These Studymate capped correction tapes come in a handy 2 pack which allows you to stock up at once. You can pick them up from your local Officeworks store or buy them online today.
* * *
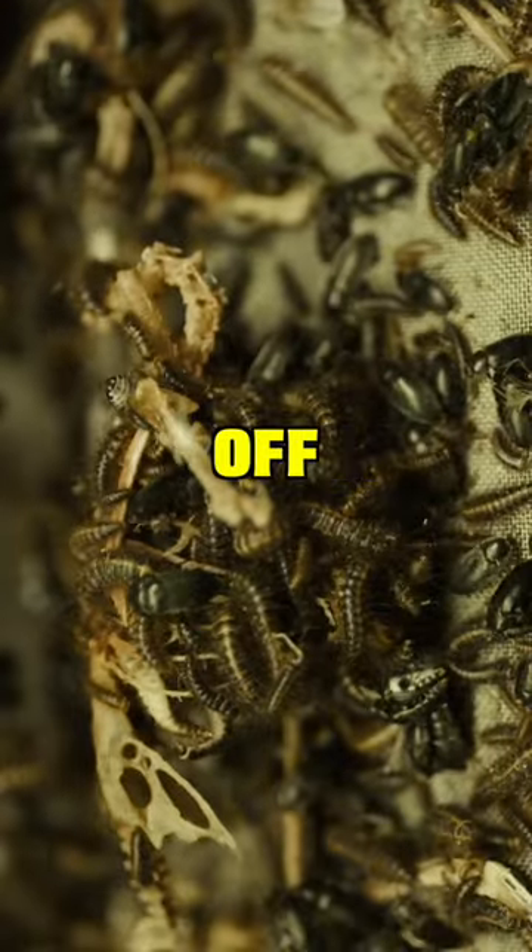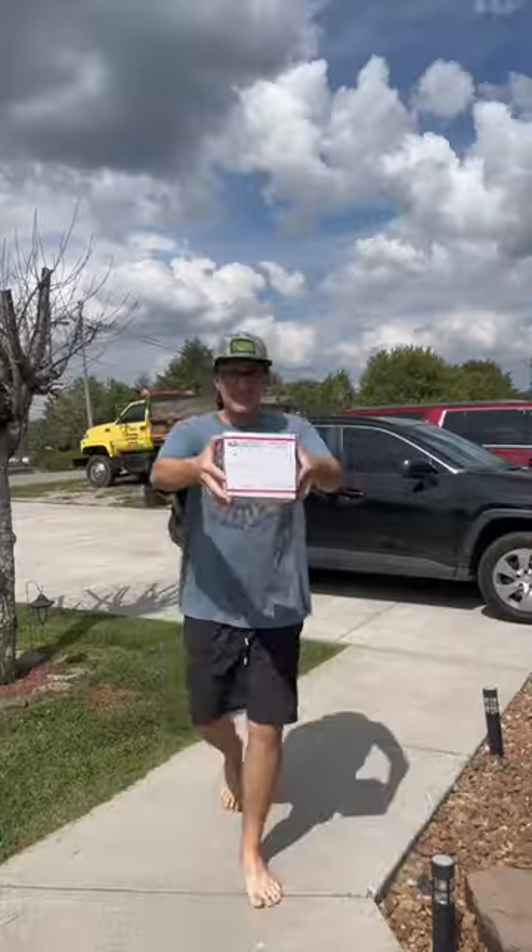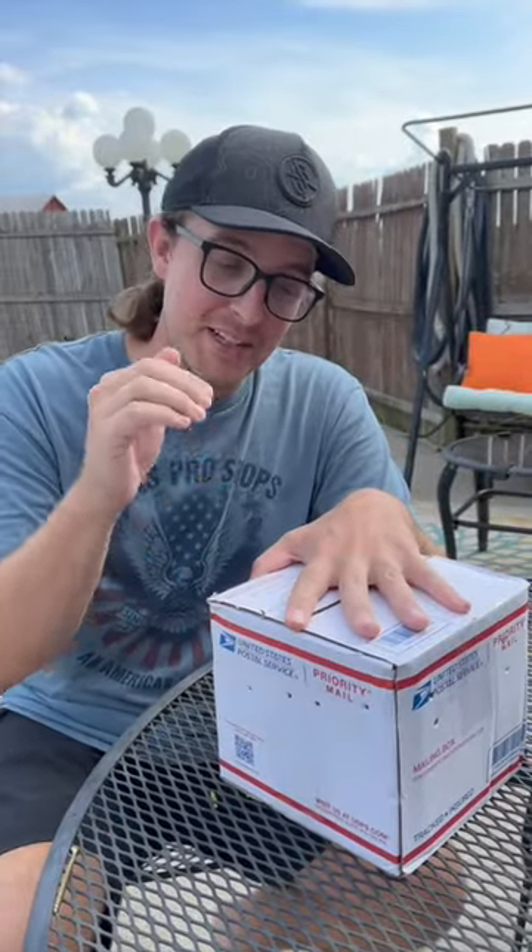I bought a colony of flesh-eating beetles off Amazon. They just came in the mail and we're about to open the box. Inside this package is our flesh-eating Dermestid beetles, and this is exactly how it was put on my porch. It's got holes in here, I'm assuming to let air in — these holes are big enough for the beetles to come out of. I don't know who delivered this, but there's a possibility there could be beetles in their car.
* * *
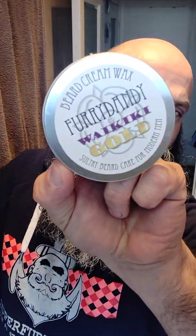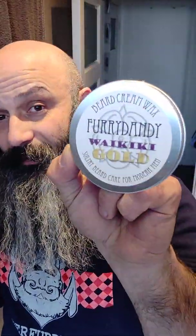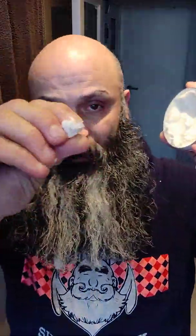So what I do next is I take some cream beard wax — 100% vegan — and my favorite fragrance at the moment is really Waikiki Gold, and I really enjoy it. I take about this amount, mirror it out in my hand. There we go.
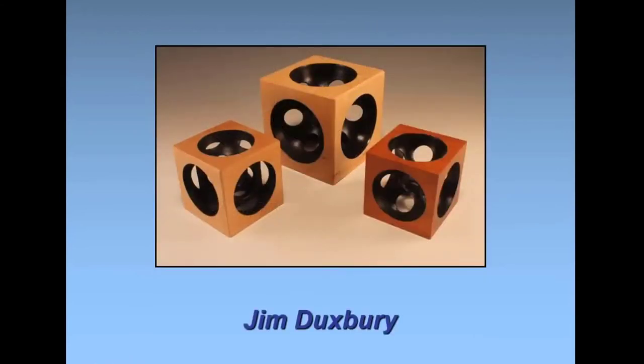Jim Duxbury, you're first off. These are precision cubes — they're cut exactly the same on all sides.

• **BRIEF**: Exact copy, pictures excluded: every line above from the one containing "So what I do" to the one containing "Jim Duxbury, you're", inclusive, and nothing more.

• **EXERCISE RESPONSE**:
So what I do next is I take some cream beard wax — 100% vegan — and my favorite fragrance at the moment is really Waikiki Gold, and I really enjoy it. I take about this amount, mirror it out in my hand. There we go.
Jim Duxbury, you're first off. These are precision cubes — they're cut exactly the same on all sides.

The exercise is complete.